Let’s start with mercy, not getting what you deserve. I think I was around a Freshman back at Clement High School. A few of us guys were hanging around in the gym. I’m not certain what was going on. As we were horsing around, one of my buddies, dared me to see how heavy the fire extinguisher was that was hanging on a post near the gym floor. Once dared, you always had to respond, no matter how stupid the dare may have seemed. So I pushed up hard on the long canister fire extinguisher, thinking that it must be heavy.
It was not. The fire extinguisher came flying out of the rack that was holding it and fell sharply to the floor. That was bad. What followed was worse. The jolt of it hitting the floor caused the foam to start pouring out of the fire extinguisher. The foam was going everywhere. Of course, my friends, being true friends, were laughing and offered no help at all. I grabbed the extinguisher and tried to turn it off, but I couldn’t. The foam was pouring out of the nozzle. I turned around with the extinguisher and with the nozzle in my hand, not realizing that someone was coming up to try to help me. As I turned around, the foam coming out of the fire extinguisher sprayed on that person, and got the foam on his jacket. That person was Mr. Gillis, the principal.
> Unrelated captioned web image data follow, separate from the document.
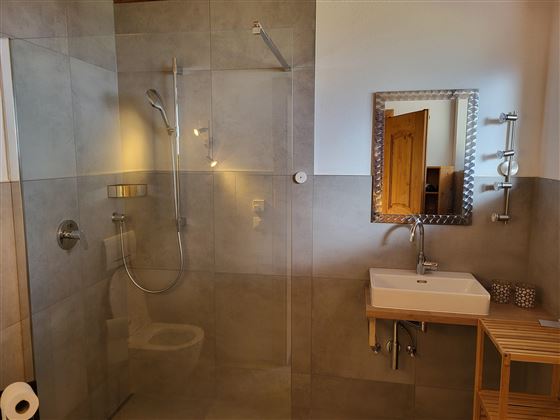 Dusche
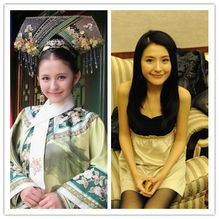 女生头像真实生活照后宫佳丽
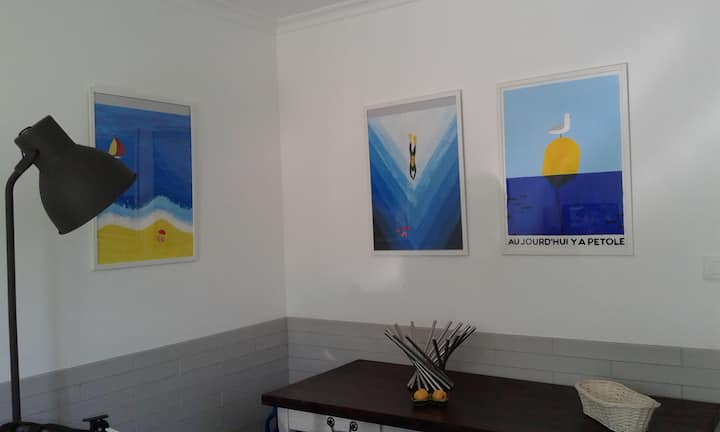 შიდა სასადილო სივრცე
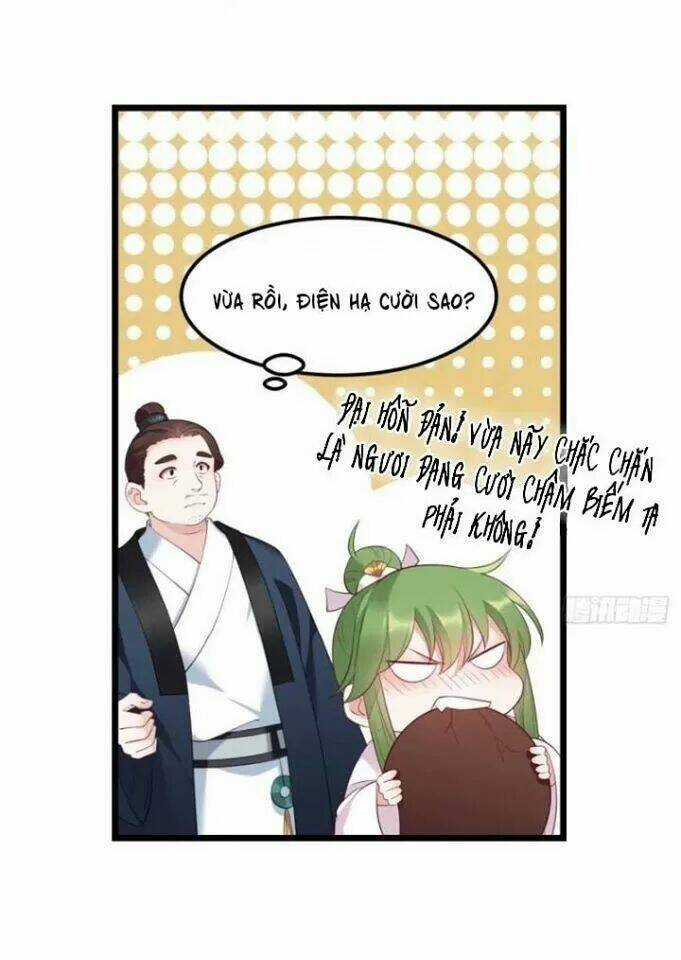 Ta Mới Không Gả Cho Hoàng Tử Phản Diện Chapter 6 trang 9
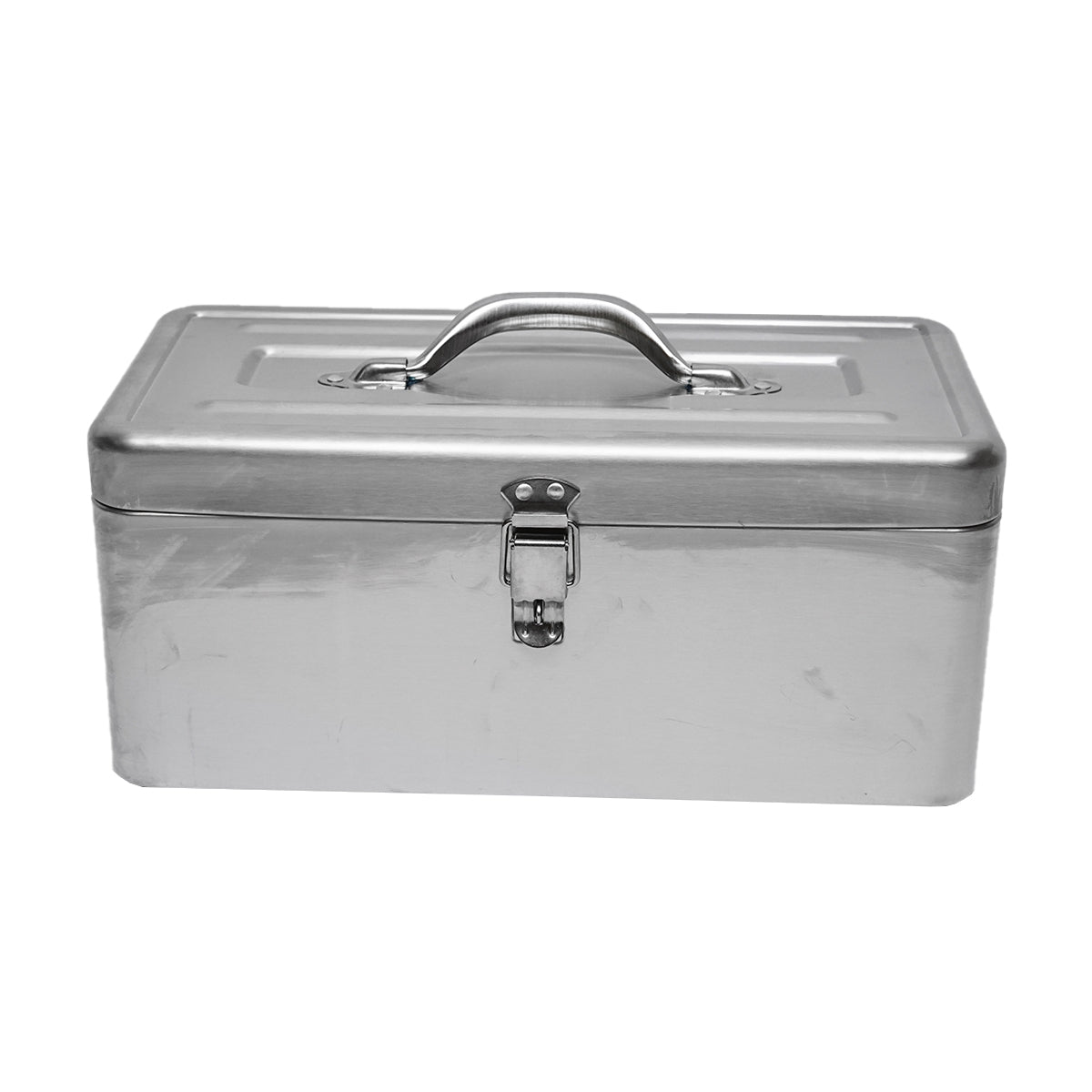 Кутия за инструменти от неръждаема стомана 405x200x175мм Breckner Germany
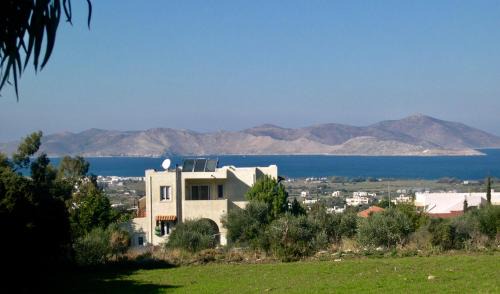 Dikaio Apartment | Experience Carpe Diem: Oceanfront Retreat with Top Reviews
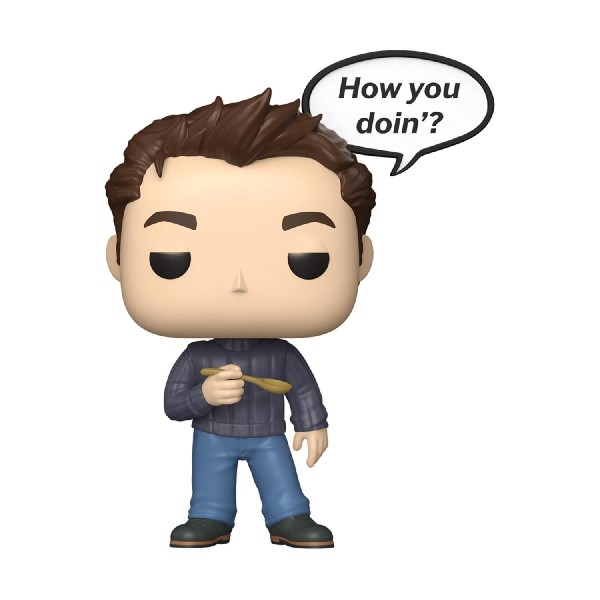 Funko Pop! Television: Friends - Joey Tribbianni #1723 Vinyl Figure Funko Pop! Television: Friends - Joey Tribbianni #1723 Vinyl Figure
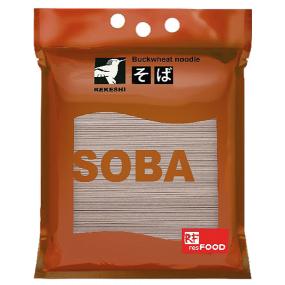 Лапша гречневая "Соба" 2.4 кг - фото - 1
Yes, I had just sprayed the principal with fire extinguisher foam. I was in trouble. I may not have meant to, but I was in trouble. Not only had I made a mess with the fire extinguisher, (I cleaned it up the best I could.) but I had ruined Mr. Gillis’ jacket. Obviously, my parents were not thrilled when I told them. I knew I would have to pay whatever the cost of the jacket out of my own pocket.
After a night of little sleep, I went the next day to the principal’s office to meet with Mr. Gillis. He told me he knew I didn’t mean to do it, but that I should have known better. Then he told me not to worry about his jacket, that it was old and he needed a new one. I deserved to at least pay for his jacket. He showed me mercy that day, and I have never forgotten.
Now a simple example of grace, getting more than I deserve. As a kid, when we were barning tobacco during the summer, all the workers would get a soft drink in the morning at break time. But often I would get more. As I was driving a tractor load of tobacco back to the barn from the field, Daddy would sometime stop his truck to give me a carton of milk and a honey bun. I would quickly finish them off before I got to the barn so no one else could see it. I got more than I deserved. And I have never forgotten that grace from my father. That didn’t mean I didn’t have to work hard, or that I didn’t ever get punished for misbehaving. But those years, my father many times showed me grace, getting more than I deserved, and mercy, not getting what I deserved.
The grace and mercy you may hear from a pulpit also refers to a father, our heavenly Father. We all, in our own way, have rebelled against God. It is called sin. The punishment for sin is death. But God has shown us mercy and has removed the penalty from us, through the death of Jesus Christ. And by accepting his death on the cross, we can also receive grace and the blessings of salvation and a life lived in his presence.
When folks call into money manager Dave Ramsey’s radio program, they will often ask how he is doing. His response is almost always, “Better than I deserve.” We who have accepted the gift of salvation probably should use the same response when asked. We’re not getting what our sinful actions say we should deserve. And we’re getting blessings from God that we have done little to deserve. It’s mercy and grace. And I’m much better than I deserve because of it.